Semifreddo con Radicchio e Yogurt
Essere un lecca pentole
To be a pot-licker, a compliment for a food-lover
Many pastry chefs from the Treviso area have been inspired to create a variety of dessert dishes using the region’s famed raddichio di Treviso. This one is my favorite!
Radicchio is transformed into an exquisite marmalade and added to yogurt to create an exceptionally sophisticated semifreddo.
I’ve remade this recipe, without the radicchio, dozens of times. It’s a terrific basic! I really love the fact that with just a container of yogurt and some gelatin I can create a quick and healthy dessert. Substitute other flavor marmalades or make it without marmalade just topped with a drizzle of flavored honey.
For the marmalade:
8 ounces Radicchio, preferably Radicchio Variegato Castelfranco or Radicchio Treviso
1 tablespoon unsalted Butter
½ cup granulated Sugar
Zest of ½ Lemon
2 tablespoons sweet Liqueur such as Amaretto
2 tablespoons Grappa, optional
For the semifreddo:
1 packet unflavored Gelatin
16 ounces plain European style thick Yogurt
½ cup chestnut honey or flavored Honey, warmed
For the marmalade: Cut the radicchio in very thin strips, then mince the strips. Bring 1 cup of water to a boil in a saucepan, stir in the radicchio and simmer for 1 minute. Drain the water.

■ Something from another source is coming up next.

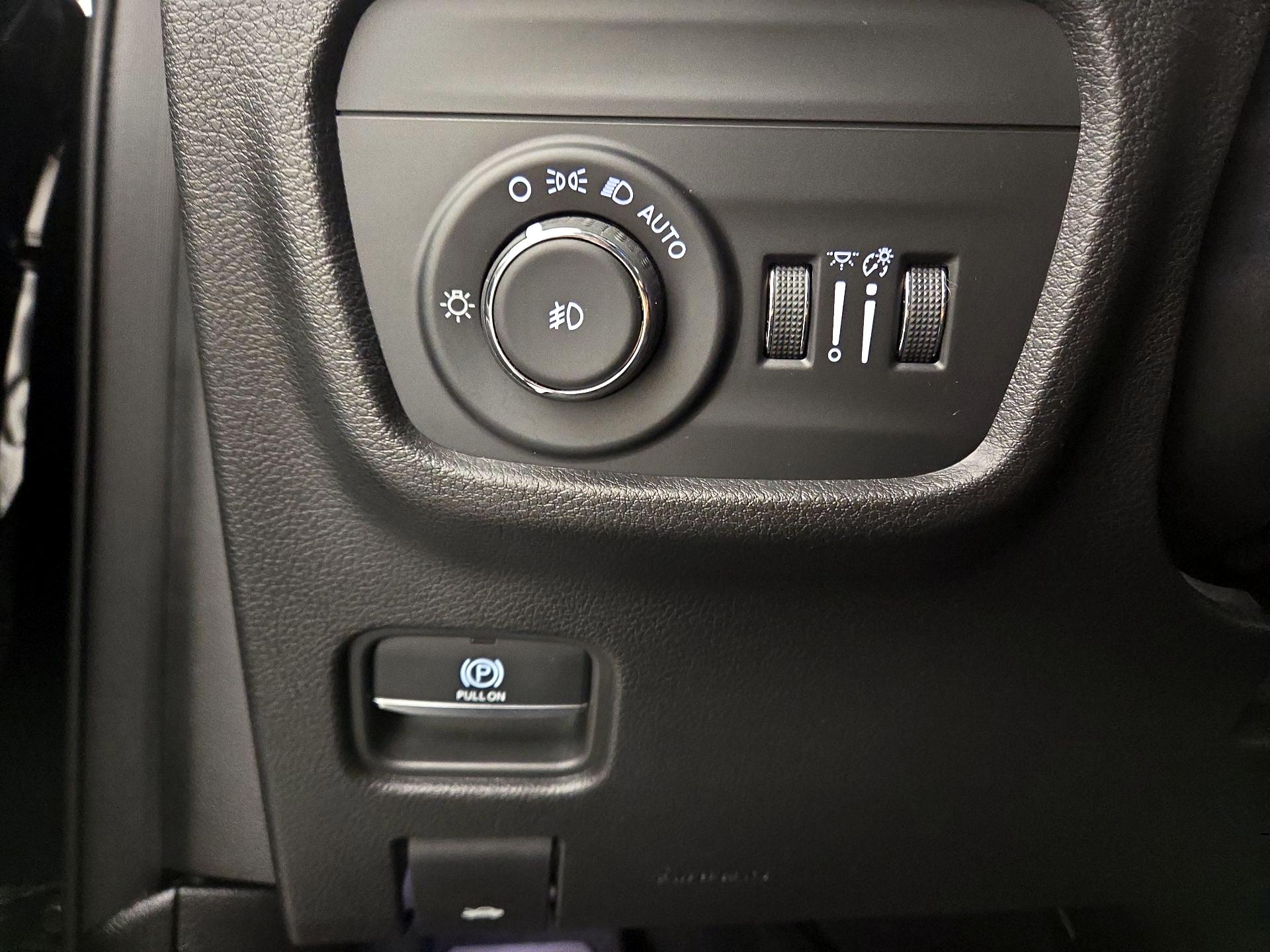 Thumbnail: 2023 Jeep Grand Cherokee - 13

Add the butter and sugar, stir to combine, and cook, stirring occasionally, until very soft, at least 30 minutes. Remove from the heat, stir in the lemon zest, liqueur, and grappa, if using. Reserve.
For the semifreddo: Put the gelatin into a bowl and mix with 1 cup of boiling water. Stir until the gelatin dissolves, then mix 7/8 of the reserved radicchio marmalade until well combined, reserving the rest of the marmalade for garnish. Allow the mixture to cool to room temperature, then stir in the yogurt until creamy and well combined.
Divide the mixture between 6 ramekins or in one mold, cover in plastic wrap, and refrigerate until firm, about 3 hours.
To serve, unmold the semifreddo onto a serving plate and drizzle with honey and garnish with the remaining radicchio marmalade.